さて、そうなると、今度の『ゲド戦記』はどうなるやら。原作がまだ三部作だったときに、一度読んだきりで、もう内容も記憶していないから、原作のことは忘れたほうがいいのかもしれない。あれは岩波が翻訳したので、当時『図書』で、河合隼雄だったかが、青年の成長ストーリーとしてのよみかたを述べていたような記憶がおぼろにある。
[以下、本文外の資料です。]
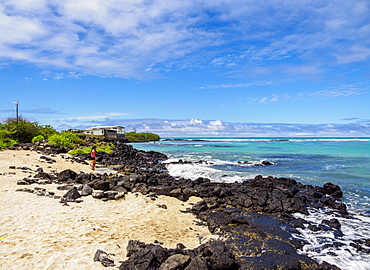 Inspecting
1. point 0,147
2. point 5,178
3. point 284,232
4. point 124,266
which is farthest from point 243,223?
point 0,147

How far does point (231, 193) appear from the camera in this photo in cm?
1375

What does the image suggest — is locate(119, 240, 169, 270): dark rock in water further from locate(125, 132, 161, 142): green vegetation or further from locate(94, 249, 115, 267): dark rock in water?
locate(125, 132, 161, 142): green vegetation

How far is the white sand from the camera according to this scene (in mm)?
6191

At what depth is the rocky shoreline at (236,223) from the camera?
6137 mm

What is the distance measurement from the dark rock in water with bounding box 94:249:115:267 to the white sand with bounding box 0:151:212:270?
11cm

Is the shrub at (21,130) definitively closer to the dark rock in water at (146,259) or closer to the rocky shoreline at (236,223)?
the rocky shoreline at (236,223)

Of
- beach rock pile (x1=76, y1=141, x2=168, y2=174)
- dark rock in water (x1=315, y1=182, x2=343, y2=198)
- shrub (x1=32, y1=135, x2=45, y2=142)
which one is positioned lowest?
beach rock pile (x1=76, y1=141, x2=168, y2=174)

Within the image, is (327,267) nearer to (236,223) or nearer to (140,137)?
(236,223)

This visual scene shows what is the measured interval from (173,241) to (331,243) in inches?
215

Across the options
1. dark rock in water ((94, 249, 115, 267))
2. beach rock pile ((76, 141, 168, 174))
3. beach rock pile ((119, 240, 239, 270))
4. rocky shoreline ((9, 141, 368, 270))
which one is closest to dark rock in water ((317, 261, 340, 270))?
rocky shoreline ((9, 141, 368, 270))

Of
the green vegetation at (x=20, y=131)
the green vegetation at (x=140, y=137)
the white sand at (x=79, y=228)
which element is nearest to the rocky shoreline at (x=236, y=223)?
the white sand at (x=79, y=228)

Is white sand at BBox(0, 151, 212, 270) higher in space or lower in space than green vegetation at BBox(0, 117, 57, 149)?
lower

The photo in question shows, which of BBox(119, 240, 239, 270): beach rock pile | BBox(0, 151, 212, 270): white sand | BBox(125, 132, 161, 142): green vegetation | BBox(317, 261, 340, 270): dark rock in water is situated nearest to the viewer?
BBox(119, 240, 239, 270): beach rock pile

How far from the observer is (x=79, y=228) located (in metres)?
7.91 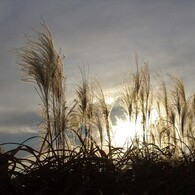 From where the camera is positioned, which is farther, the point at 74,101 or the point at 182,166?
the point at 74,101

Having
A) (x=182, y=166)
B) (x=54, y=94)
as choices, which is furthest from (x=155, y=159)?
(x=54, y=94)

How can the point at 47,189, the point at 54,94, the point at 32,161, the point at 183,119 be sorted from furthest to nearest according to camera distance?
the point at 183,119 < the point at 54,94 < the point at 32,161 < the point at 47,189

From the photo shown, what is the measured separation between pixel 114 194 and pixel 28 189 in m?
0.32

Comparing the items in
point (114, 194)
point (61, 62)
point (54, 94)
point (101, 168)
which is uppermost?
point (61, 62)

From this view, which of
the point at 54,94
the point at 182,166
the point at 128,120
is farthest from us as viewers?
the point at 128,120

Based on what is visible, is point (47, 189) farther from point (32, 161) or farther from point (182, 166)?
point (182, 166)

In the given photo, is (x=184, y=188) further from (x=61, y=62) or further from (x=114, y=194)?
(x=61, y=62)

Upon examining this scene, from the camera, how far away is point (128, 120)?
6883 millimetres

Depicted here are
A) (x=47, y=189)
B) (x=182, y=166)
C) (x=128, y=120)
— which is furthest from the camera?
(x=128, y=120)

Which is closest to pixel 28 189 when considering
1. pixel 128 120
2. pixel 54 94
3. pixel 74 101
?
pixel 54 94

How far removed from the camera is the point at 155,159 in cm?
224

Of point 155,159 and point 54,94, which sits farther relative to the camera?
point 54,94

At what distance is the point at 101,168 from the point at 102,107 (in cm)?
542

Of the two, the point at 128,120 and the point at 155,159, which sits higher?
the point at 128,120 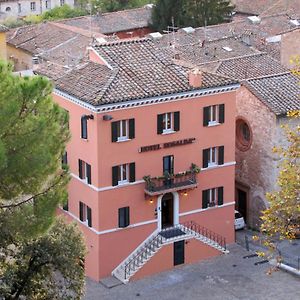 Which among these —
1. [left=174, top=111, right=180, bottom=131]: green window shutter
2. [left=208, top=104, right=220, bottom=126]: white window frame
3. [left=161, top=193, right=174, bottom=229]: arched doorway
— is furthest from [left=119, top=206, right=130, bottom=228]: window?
[left=208, top=104, right=220, bottom=126]: white window frame

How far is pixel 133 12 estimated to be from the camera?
8894 cm

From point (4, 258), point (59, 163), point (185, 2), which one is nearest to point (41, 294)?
point (4, 258)

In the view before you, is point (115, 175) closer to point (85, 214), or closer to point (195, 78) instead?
point (85, 214)

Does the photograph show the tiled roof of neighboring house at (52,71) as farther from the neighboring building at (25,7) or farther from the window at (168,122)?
the neighboring building at (25,7)

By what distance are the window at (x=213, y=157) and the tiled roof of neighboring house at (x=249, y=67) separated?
618 cm

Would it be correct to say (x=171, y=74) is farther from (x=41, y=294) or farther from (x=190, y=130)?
(x=41, y=294)

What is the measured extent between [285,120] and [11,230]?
2134 cm

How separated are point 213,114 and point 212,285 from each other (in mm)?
8565

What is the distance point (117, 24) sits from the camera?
278 feet

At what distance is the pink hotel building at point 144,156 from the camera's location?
45.4m

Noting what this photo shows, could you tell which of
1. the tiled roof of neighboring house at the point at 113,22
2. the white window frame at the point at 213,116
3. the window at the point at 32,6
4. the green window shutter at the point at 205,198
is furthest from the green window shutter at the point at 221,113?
the window at the point at 32,6

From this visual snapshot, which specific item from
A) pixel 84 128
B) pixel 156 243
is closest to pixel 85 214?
pixel 156 243

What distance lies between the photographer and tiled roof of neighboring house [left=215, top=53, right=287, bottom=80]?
54.0 meters

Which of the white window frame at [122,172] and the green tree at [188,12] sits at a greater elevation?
the green tree at [188,12]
そういえば、『砂の城』も昼ドラになったとか。日本の話に置き換えられていたと、ほのかに聞いた覚えがある。こういう話をしだすと、きりがなくなりそうだ。それだけ、マンガが原作の供給源として、日本の映画やドラマの世界に重きをなしているということなのだろう。

総花的な感じ

『アニメへの変容』(現代書館)という論文集を読んだ。
とはいえ、いろいろな事象にふれていて、(ディズニーのライオンを主人公にしたアニメが、手塚作品の剽窃ではないかという疑惑についてのものなど)、テーマとしては面白いのだが、どれもやや突っ込みが足りないような感じもする。それぞれのテーマで1冊の本になるような内容を、全体でまとめたような印象か。
最後の論文のなかで、米村みゆきという人が、アニメ研究が緒についたばかりでまだ経済的な側面などに考察が偏っているので、もっと多面的に、研究を深めていくべきだといっているのは、納得できた。そうした、問題提起の本としてとらえるべきなのだろう。

言及しないほうがいいのかも

昨日、久しぶりに日本代表の試合を、中継で見た。
この前みたのは、昨年3月のテヘランでの試合だったように思う。
2002年は、中継では全く見なかったし。
観ないほうがいいのかもしれない。